Exercise brief: Using the entries below, write out the line with "Case, Magnetic Function", the line with "Sea Marie mini-jurk met borduurwerk - Blauw", and every line in between, exactly as each is written.

==== Information shown ====

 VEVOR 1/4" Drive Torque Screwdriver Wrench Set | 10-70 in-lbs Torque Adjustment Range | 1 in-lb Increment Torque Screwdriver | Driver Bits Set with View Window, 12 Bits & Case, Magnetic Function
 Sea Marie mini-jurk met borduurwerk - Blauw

====
==== Information shown ====

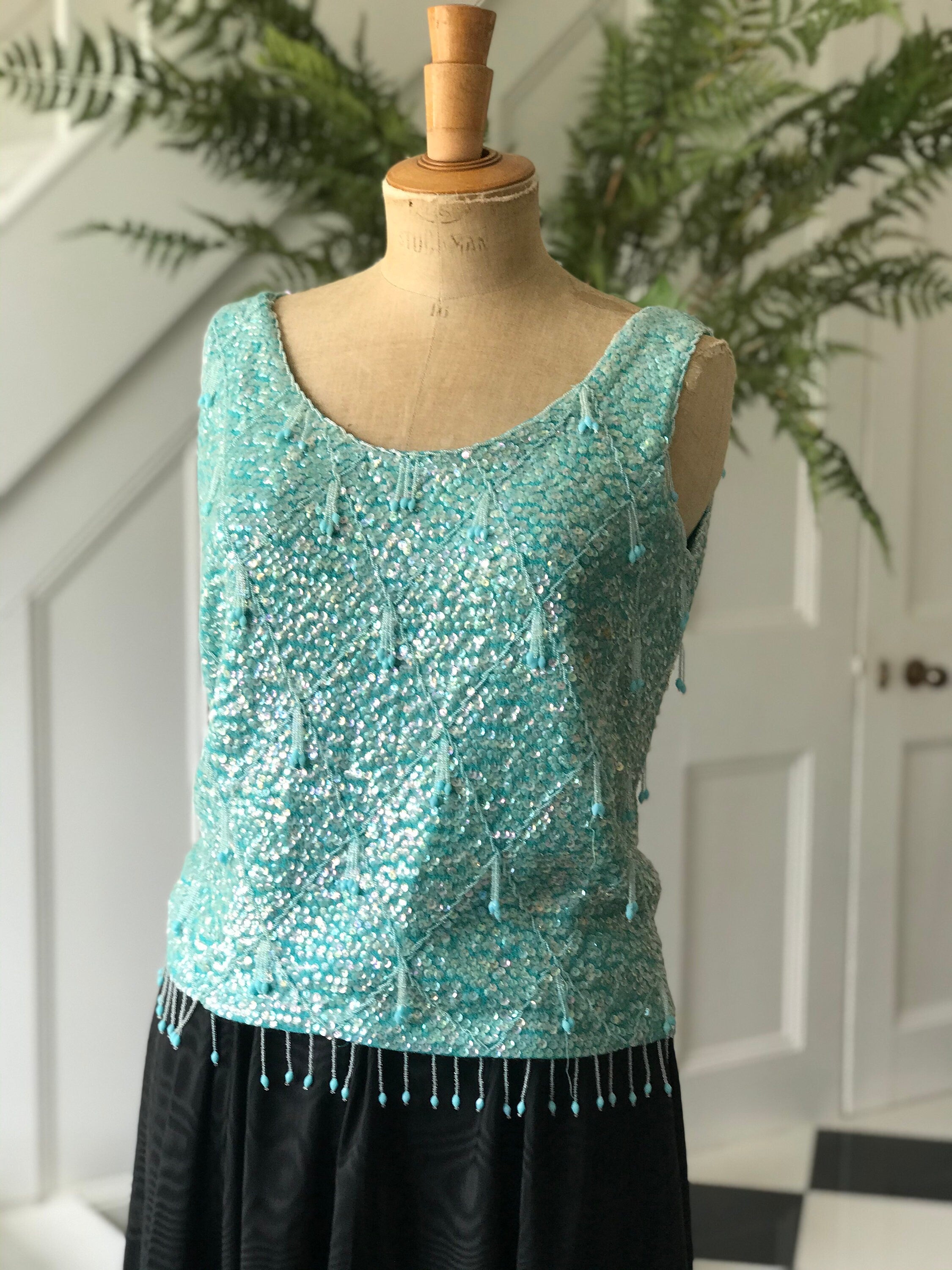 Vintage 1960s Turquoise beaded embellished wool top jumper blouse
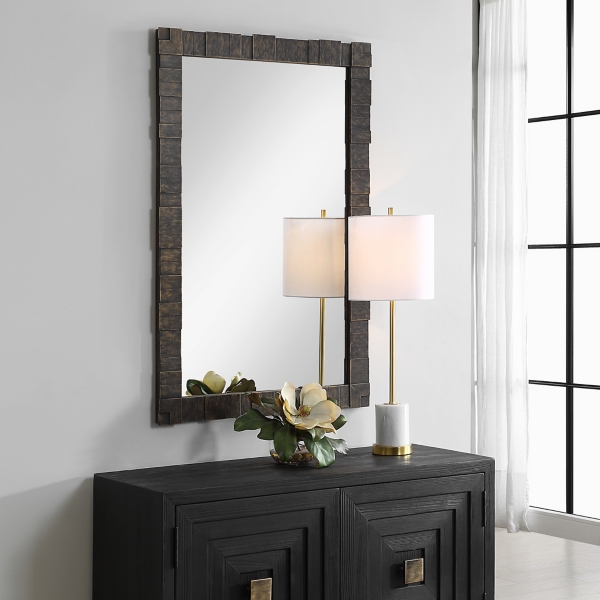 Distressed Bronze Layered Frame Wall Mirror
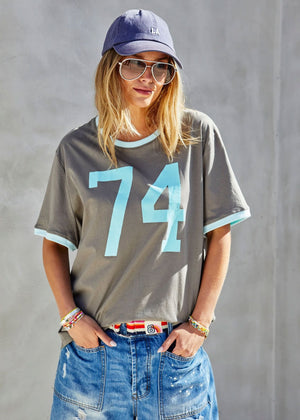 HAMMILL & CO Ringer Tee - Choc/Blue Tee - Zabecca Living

====

Exercise output:
 VEVOR 1/4" Drive Torque Screwdriver Wrench Set | 10-70 in-lbs Torque Adjustment Range | 1 in-lb Increment Torque Screwdriver | Driver Bits Set with View Window, 12 Bits & Case, Magnetic Function
 Sea Marie mini-jurk met borduurwerk - Blauw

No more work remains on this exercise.